══ Records supplied ══
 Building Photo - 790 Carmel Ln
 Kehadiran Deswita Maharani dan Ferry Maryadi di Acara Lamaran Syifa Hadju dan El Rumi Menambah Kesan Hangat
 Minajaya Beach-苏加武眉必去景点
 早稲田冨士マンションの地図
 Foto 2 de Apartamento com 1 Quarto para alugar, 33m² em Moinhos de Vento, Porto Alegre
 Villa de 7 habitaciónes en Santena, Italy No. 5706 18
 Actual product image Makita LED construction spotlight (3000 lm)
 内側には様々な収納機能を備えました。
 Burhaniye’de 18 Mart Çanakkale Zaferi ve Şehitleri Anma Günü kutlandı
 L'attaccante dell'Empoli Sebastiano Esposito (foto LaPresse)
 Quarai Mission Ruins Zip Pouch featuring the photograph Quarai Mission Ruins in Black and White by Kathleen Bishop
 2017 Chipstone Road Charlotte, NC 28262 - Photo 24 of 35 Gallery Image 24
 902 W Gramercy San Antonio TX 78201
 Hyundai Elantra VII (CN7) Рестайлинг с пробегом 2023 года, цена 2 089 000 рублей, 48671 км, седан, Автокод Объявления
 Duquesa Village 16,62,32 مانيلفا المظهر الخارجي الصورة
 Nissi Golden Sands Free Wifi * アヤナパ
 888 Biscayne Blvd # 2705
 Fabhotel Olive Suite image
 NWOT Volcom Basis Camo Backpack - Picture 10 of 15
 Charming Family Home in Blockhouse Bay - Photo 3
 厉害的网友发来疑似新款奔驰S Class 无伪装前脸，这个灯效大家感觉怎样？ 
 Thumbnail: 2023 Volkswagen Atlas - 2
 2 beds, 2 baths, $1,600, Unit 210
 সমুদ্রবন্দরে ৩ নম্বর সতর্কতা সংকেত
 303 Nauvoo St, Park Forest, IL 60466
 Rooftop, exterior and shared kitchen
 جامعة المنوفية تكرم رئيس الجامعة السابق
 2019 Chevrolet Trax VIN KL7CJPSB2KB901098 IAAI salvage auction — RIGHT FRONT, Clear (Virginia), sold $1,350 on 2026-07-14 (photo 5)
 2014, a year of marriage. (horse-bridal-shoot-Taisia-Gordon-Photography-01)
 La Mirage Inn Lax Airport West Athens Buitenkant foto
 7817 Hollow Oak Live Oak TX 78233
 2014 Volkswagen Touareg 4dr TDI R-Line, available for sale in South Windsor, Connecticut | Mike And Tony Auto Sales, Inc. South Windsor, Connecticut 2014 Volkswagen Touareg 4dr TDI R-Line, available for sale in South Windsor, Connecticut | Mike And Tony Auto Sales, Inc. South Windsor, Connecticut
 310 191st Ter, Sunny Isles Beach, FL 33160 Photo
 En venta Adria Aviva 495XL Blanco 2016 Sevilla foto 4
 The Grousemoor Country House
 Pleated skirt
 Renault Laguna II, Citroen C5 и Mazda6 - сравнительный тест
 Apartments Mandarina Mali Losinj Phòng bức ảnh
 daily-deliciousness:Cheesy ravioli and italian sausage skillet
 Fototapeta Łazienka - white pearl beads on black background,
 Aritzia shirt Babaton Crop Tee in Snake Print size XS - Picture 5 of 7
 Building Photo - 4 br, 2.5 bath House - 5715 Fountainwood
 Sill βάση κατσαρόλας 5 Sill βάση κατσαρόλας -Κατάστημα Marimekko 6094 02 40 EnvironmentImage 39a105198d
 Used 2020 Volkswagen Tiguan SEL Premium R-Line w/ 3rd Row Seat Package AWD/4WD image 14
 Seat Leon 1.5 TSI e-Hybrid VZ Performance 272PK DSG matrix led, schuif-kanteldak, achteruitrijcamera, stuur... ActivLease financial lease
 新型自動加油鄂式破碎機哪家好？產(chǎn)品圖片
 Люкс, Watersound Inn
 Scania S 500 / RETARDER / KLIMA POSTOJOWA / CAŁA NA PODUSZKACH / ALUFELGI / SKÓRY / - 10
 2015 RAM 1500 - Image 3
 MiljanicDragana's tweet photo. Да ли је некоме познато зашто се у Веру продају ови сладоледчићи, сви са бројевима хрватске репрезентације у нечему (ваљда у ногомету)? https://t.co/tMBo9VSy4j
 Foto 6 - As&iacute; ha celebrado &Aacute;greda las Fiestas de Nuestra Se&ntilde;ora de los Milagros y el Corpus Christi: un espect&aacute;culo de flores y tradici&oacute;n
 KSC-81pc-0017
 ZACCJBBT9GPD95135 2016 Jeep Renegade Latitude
═══
### What the task requires
Copy, exactly and only, the lines above that begin with the one containing "Nissi Golden Sands Free Wifi * アヤナパ" and finish with the one containing "7817 Hollow Oak Live Oak TX 78233".

### Result
 Nissi Golden Sands Free Wifi * アヤナパ
 888 Biscayne Blvd # 2705
 Fabhotel Olive Suite image
 NWOT Volcom Basis Camo Backpack - Picture 10 of 15
 Charming Family Home in Blockhouse Bay - Photo 3
 厉害的网友发来疑似新款奔驰S Class 无伪装前脸，这个灯效大家感觉怎样？ 
 Thumbnail: 2023 Volkswagen Atlas - 2
 2 beds, 2 baths, $1,600, Unit 210
 সমুদ্রবন্দরে ৩ নম্বর সতর্কতা সংকেত
 303 Nauvoo St, Park Forest, IL 60466
 Rooftop, exterior and shared kitchen
 جامعة المنوفية تكرم رئيس الجامعة السابق
 2019 Chevrolet Trax VIN KL7CJPSB2KB901098 IAAI salvage auction — RIGHT FRONT, Clear (Virginia), sold $1,350 on 2026-07-14 (photo 5)
 2014, a year of marriage. (horse-bridal-shoot-Taisia-Gordon-Photography-01)
 La Mirage Inn Lax Airport West Athens Buitenkant foto
 7817 Hollow Oak Live Oak TX 78233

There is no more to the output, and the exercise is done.